About this task:
Transcribe exactly every line from the one containing "Vente terrain MARTIGUES Bouches-du-Rhône" down to the final line of the listing below, including both, and leave out the rest.

Excerpted data:
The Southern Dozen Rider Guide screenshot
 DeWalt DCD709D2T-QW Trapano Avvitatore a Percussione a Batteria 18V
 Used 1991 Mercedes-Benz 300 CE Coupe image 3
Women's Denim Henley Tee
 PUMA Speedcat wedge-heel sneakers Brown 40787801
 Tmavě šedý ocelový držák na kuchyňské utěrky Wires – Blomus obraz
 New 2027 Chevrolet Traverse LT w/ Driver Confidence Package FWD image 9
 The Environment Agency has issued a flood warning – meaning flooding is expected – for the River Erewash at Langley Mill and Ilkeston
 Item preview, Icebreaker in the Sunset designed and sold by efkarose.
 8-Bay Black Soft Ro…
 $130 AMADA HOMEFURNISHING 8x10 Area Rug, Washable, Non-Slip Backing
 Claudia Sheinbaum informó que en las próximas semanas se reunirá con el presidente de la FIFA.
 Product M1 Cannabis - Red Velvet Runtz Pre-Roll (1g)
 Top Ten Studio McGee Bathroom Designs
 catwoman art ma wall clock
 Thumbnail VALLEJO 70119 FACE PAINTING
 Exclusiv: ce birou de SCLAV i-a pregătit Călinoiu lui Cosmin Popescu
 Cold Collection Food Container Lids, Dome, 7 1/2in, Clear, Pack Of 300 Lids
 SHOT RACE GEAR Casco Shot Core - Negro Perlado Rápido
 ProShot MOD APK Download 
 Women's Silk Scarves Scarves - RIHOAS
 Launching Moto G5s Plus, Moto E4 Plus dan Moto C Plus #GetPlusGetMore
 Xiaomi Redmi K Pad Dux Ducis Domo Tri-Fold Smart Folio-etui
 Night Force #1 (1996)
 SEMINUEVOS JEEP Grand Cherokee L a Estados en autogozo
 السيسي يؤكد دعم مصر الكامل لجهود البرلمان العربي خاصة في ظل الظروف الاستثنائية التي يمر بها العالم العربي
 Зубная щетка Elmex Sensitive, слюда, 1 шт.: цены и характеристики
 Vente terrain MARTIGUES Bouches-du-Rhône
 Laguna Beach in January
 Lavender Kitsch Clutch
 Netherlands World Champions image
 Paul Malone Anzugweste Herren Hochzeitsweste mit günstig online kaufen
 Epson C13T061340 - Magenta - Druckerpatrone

Solution below:
 Vente terrain MARTIGUES Bouches-du-Rhône
 Laguna Beach in January
 Lavender Kitsch Clutch
 Netherlands World Champions image
 Paul Malone Anzugweste Herren Hochzeitsweste mit günstig online kaufen
 Epson C13T061340 - Magenta - Druckerpatrone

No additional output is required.